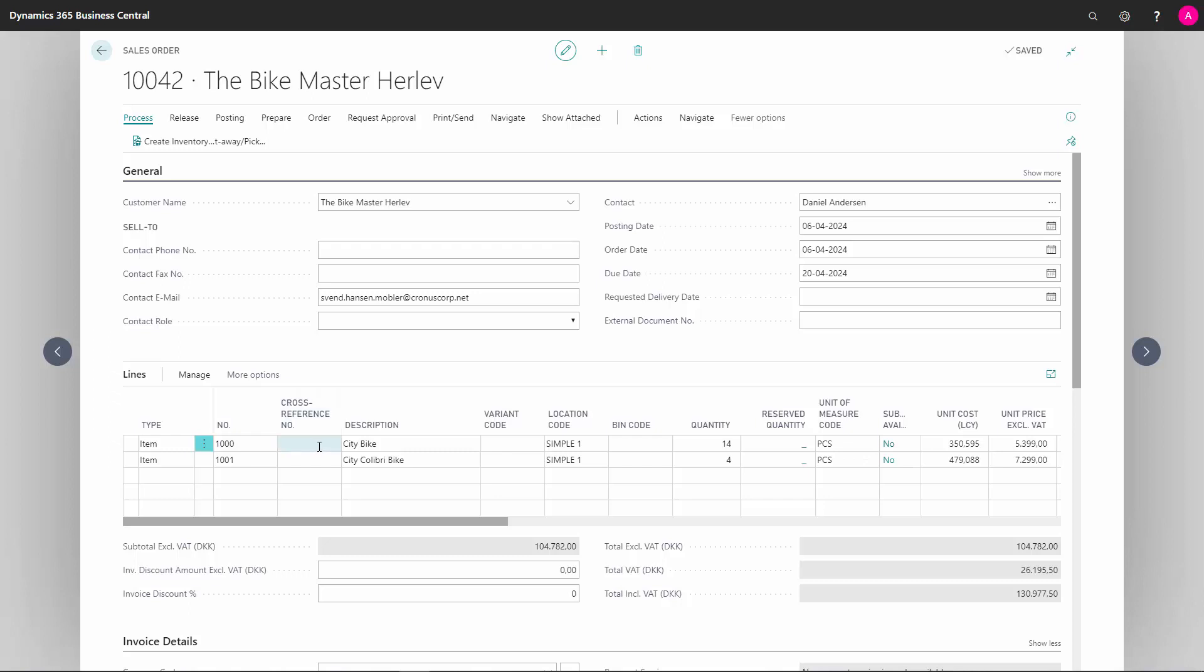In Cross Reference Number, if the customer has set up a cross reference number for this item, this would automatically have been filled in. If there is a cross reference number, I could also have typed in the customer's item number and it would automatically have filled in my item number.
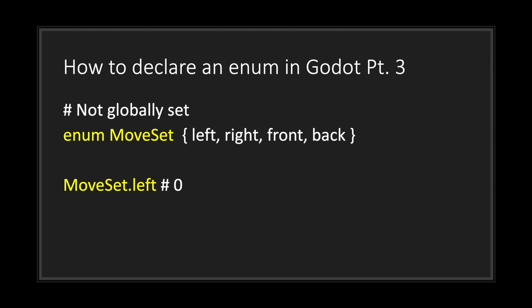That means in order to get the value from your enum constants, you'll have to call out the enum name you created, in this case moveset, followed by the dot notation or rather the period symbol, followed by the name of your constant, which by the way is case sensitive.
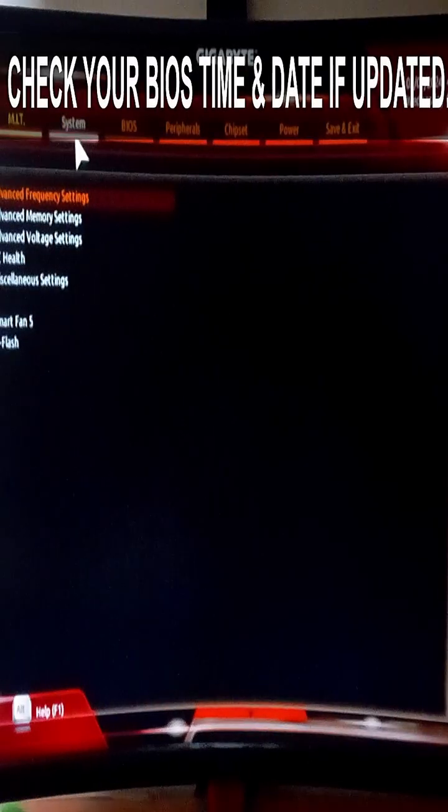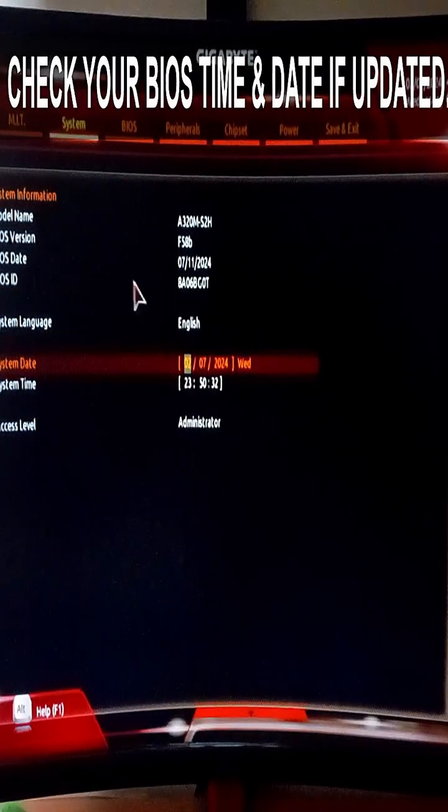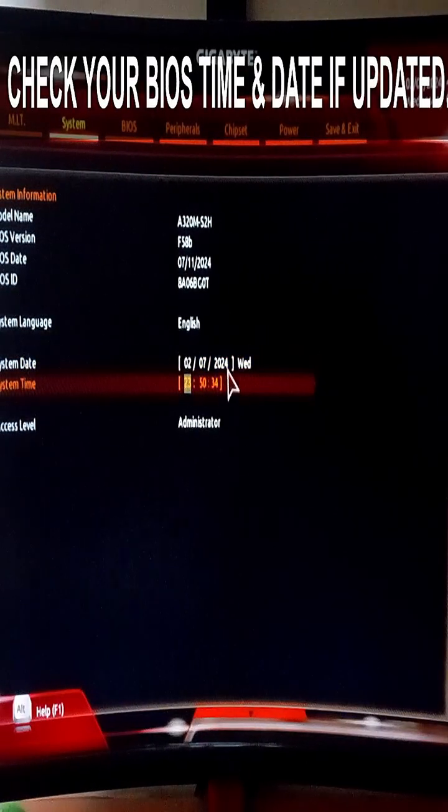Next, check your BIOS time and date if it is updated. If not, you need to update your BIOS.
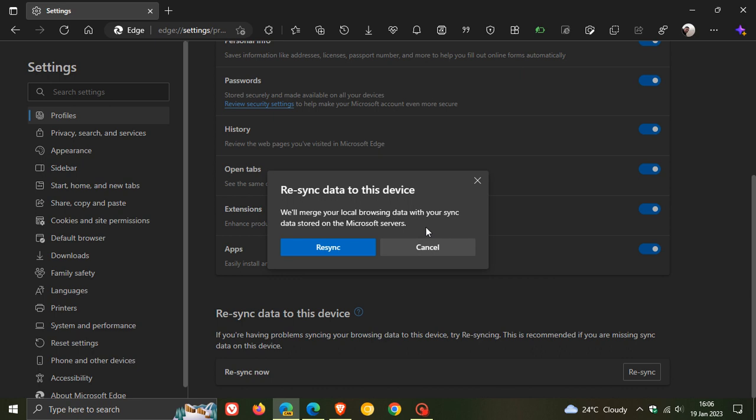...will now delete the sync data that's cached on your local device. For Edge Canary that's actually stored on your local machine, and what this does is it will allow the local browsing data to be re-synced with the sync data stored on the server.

━━━━━━━━

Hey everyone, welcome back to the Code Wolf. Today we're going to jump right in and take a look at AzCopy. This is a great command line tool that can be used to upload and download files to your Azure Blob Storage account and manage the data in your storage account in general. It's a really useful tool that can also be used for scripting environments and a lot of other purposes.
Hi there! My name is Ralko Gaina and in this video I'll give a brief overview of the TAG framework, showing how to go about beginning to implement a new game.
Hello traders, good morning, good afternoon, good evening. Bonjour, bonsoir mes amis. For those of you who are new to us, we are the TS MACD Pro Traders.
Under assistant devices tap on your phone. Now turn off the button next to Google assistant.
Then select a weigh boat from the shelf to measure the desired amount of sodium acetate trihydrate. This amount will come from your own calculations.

━━━━━━━━

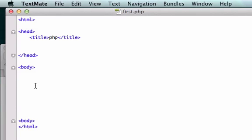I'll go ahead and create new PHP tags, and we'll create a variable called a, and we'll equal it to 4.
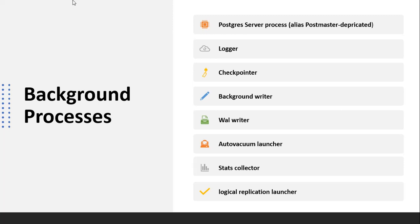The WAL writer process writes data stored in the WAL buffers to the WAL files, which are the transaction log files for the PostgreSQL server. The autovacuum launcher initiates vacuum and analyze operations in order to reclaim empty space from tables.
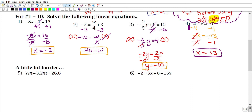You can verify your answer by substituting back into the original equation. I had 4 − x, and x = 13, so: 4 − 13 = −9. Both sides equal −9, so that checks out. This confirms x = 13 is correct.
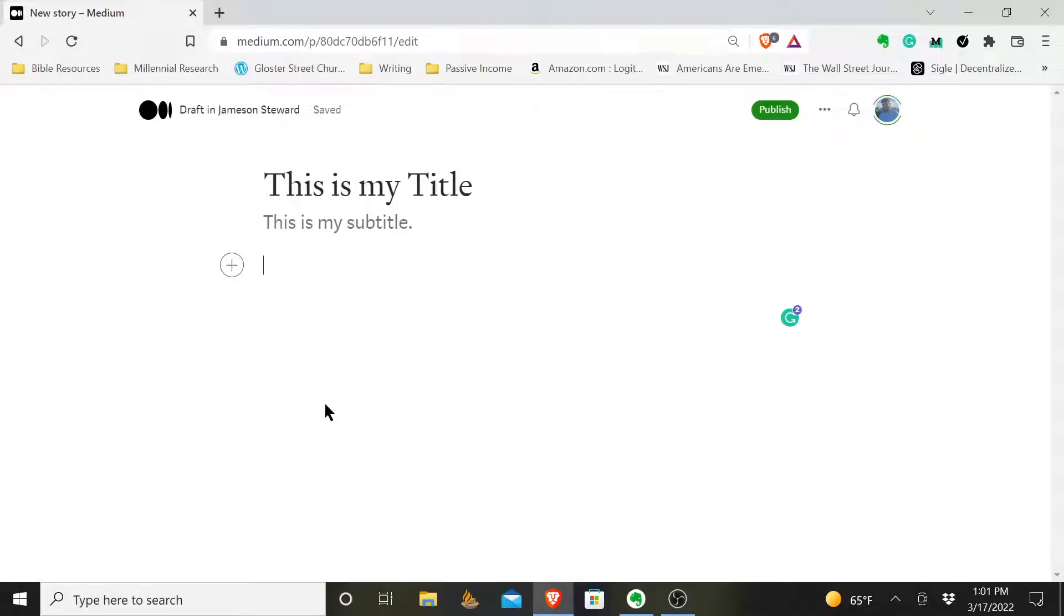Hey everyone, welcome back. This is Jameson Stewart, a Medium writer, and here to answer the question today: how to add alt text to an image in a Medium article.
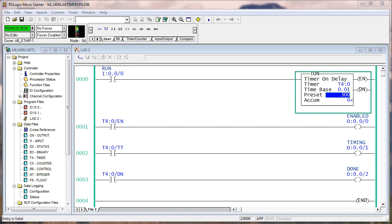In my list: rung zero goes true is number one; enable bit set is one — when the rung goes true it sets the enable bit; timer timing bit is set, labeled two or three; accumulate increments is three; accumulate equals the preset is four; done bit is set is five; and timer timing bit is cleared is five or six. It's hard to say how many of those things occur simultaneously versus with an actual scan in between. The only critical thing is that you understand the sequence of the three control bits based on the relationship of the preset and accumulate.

━━━━━━━━

**EXERCISE DETAILS:**
Where a picture appears in the records above, omit it, and transcribe exactly the stretch of lines from the one with "Next, check your" through the one with "on the server.".

**OUTPUT:**
Next, check your BIOS time and date if it is updated. If not, you need to update your BIOS.
...will now delete the sync data that's cached on your local device. For Edge Canary that's actually stored on your local machine, and what this does is it will allow the local browsing data to be re-synced with the sync data stored on the server.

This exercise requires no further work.